La profesora dio la lección por terminada, y Calabaza me condujo al frente del aula, donde hicimos una reverencia a la Señorita Ratón.

– Le ruego me permita presentarle a Chiyo, profesora -dijo Calabaza-, y le suplico que sea indulgente con ella, pues es una chica con muy poco talento.

Calabaza no pretendía insultarme; sencillamente ésa era la forma en que se hablaba antes, cuando uno quería ser educado. Mi madre lo habría dicho igual. La Señorita Ratón se quedó un buen rato callada, mirándome, y luego me dijo:

– Pareces una chica lista. Basta con mirarte. Tal vez puedas ayudar a tu hermana mayor con sus lecciones.

Se refería, claro está, a Calabaza.

– Pon tu nombre en el tablón lo más temprano que puedas todas las mañanas -me dijo-. Guarda silencio en las clases. No tolero que se diga una palabra. Y has de mirar siempre al frente. Si haces todas estas cosas, te enseñaré lo mejor que pueda.

Y tras esto, nos dijo que nos retiráramos.

En los pasillos, entre una clase y otra, mantenía los ojos bien abiertos buscando a Satsu, pero no la encontré. Empecé a preocuparme de que tal vez no volvería a verla, y me puse tan triste que una de las profesoras, justo antes de empezar su clase, mandó callar a todo el mundo y me dijo:

– ¡Eh, tú!, ¿qué te pasa?

– ¡Oh, nada, nada, profesora! Sólo que me he mordido el labio sin darme cuenta -le contesté yo. Y para demostrarlo, y en beneficio de las chicas que me observaban, me di tal mordisco que me hice sangre.

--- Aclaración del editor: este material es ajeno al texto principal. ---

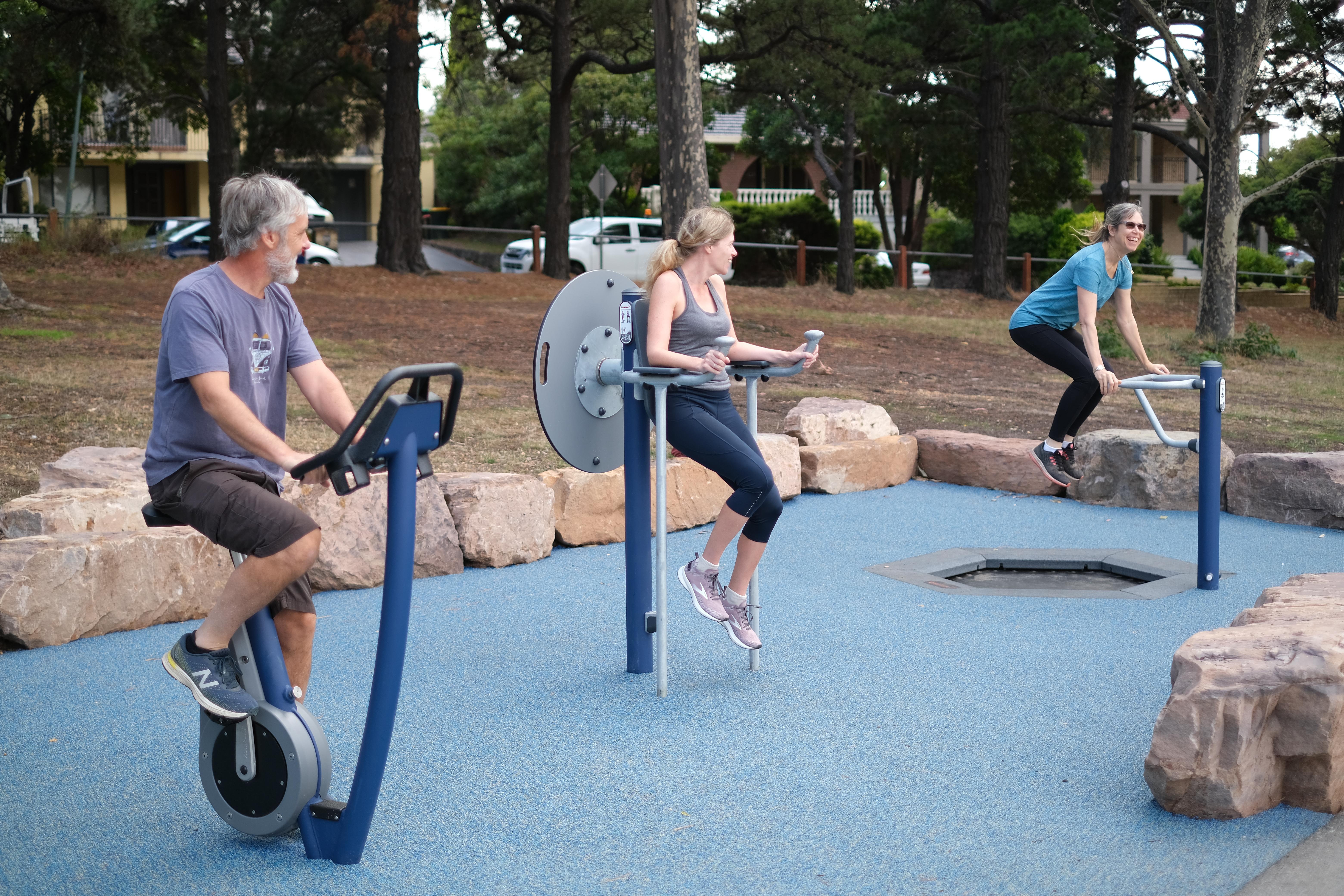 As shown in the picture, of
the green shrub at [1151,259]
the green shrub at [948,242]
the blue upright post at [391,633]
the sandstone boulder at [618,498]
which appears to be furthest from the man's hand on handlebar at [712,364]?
the green shrub at [948,242]

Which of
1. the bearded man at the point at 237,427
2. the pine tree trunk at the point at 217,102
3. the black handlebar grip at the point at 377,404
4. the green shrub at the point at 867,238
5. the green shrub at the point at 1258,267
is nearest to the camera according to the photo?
the black handlebar grip at the point at 377,404

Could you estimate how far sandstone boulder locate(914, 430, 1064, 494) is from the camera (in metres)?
8.52

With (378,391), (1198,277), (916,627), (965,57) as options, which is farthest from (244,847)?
(1198,277)

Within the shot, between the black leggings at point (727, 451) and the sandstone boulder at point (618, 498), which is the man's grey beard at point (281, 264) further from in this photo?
the sandstone boulder at point (618, 498)

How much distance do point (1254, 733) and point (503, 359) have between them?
399 inches

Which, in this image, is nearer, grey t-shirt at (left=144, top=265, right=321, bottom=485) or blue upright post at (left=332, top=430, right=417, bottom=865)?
blue upright post at (left=332, top=430, right=417, bottom=865)

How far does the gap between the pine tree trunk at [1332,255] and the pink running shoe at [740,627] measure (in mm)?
22464

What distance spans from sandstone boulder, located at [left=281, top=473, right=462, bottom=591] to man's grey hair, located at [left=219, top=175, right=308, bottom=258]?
2664 mm

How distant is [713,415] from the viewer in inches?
184

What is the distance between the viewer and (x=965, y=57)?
923 inches

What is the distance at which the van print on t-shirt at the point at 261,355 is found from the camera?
3209 mm

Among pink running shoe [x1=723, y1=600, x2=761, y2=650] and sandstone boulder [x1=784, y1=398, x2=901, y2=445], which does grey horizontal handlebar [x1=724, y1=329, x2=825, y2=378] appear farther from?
sandstone boulder [x1=784, y1=398, x2=901, y2=445]

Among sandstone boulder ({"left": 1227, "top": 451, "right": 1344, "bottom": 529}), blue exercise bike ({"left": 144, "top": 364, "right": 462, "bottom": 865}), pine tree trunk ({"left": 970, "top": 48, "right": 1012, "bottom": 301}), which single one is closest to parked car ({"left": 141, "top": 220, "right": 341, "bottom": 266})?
pine tree trunk ({"left": 970, "top": 48, "right": 1012, "bottom": 301})

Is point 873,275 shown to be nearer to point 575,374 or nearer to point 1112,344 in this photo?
point 1112,344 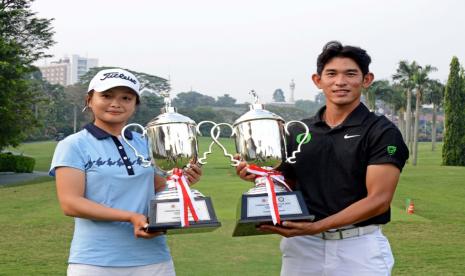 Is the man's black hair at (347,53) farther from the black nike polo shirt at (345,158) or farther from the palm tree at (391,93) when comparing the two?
the palm tree at (391,93)

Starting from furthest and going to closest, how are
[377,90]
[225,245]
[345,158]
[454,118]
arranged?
1. [377,90]
2. [454,118]
3. [225,245]
4. [345,158]

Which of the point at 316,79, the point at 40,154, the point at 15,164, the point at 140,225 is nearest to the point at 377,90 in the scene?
the point at 40,154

Fue un alivio para mí comprobar que el resto de las clases de Calabaza no eran tan penosas de ver como la primera. En la clase de danza, por ejemplo, las alumnas practicaban los pasos al unísono, con lo que no sobresalía ninguna. Calabaza no era la que peor lo hacía en absoluto, e incluso se movía con cierta gracia. La clase de canto, ya casi a última hora de la mañana, resultó más difícil dado su mal oído; pero aquí también todas las alumnas practicaban juntas, y Calabaza podía ocultar sus faltas, abriendo la boca mucho, como si cantara, pero sin hacerlo o haciéndolo muy bajito.